Bergis Jules and Ed Summers developed a vision to efficiently amass millions of tweets and make them more accessible to the public after the social media explosion that followed Michael Brown’s death in August 2014.
“The images and the videos were so powerful,” said Jules, the university and political papers archivist at the University of California, Riverside. “That got me thinking … we need to try and capture this as best as we can.”
A year and a half later, this university’s Maryland Institute for Technology in the Humanities — in collaboration with UC Riverside and Washington University in St. Louis — announced Jan. 20 a $517,000 two-year grant from the Andrew W. Mellon Foundation for their “Documenting the Now: Supporting Scholarly Use and Preservation of Social Media Content” project.
The plan for the Web application is to enable users to search hashtags, keywords and user handles to collect tweets and provide a platform for the data to be analyzed and stored, Jules said. He added there is also interest in extracting the digital content in tweets, such as videos and photos.
The grant will mainly fund hiring Web developers, a designer and a project coordinator, said Summers, the project’s technical leader and the university institute’s lead developer.
While social media archiving is not a new concept, what will set this project apart, Jules said, is its projected accessibility.
“The people mostly doing this right now are people with a high level of technical skills. …These tools are in places where not a lot of people can get to it,” said Jules, a co-principal investigator with the project. “We want to build something that will be really easy for people.”
During the events in Ferguson, Summers collected more than 13 million tweets and teamed up with Jules to begin planning the project. The two later sought out Washington University as a collaborator after seeing its involvement and “Documenting Ferguson” archive, Summers said.

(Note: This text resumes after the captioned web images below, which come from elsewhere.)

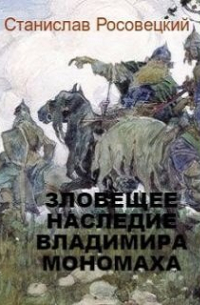 Станислав Росовецкий - Зловещее наследство Владимира Мономаха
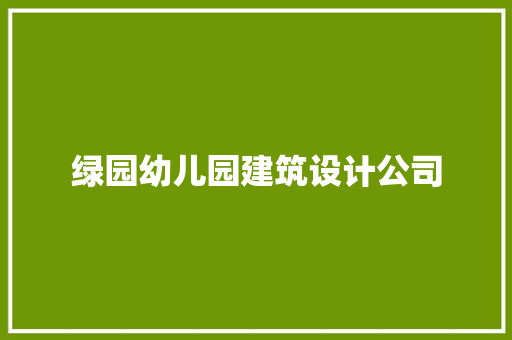 绿园幼儿园建筑设计公司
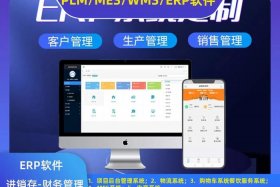 erp电商仓库 电商仓库erp软件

While there is potential for the project to expand to other social media platforms, Summers said the plan is currently focused on Twitter, for which a major research tool only allows people to search tweets posted within the past seven days.
“A lot of [Twitter] content is ephemeral,” Summers said. “It’s there and then it disappears.”
Chris Freeland, a co-principal investigator with the project and Washington University’s associate university librarian, said one of the most exciting aspects of the Web application is that it will allow people to conduct research more easily.
“Really what we’re envisioning with the ‘Doc Now’ application is an environment where scholars can be using this tool for their research on their own topics,” Freeland said.
To get informed feedback from potential users, the team has also created an 18-member advisory board of scholars, including activists, journalists, librarians and software developers, Jules said. The board will meet once virtually in the spring, once in person this summer and again in 2017.
“We wanted a good mix of people because they’re actually going to help up develop the application,” Jules said.
The team hopes to have a demo to present to the advisory board in late spring or early summer, Jules added.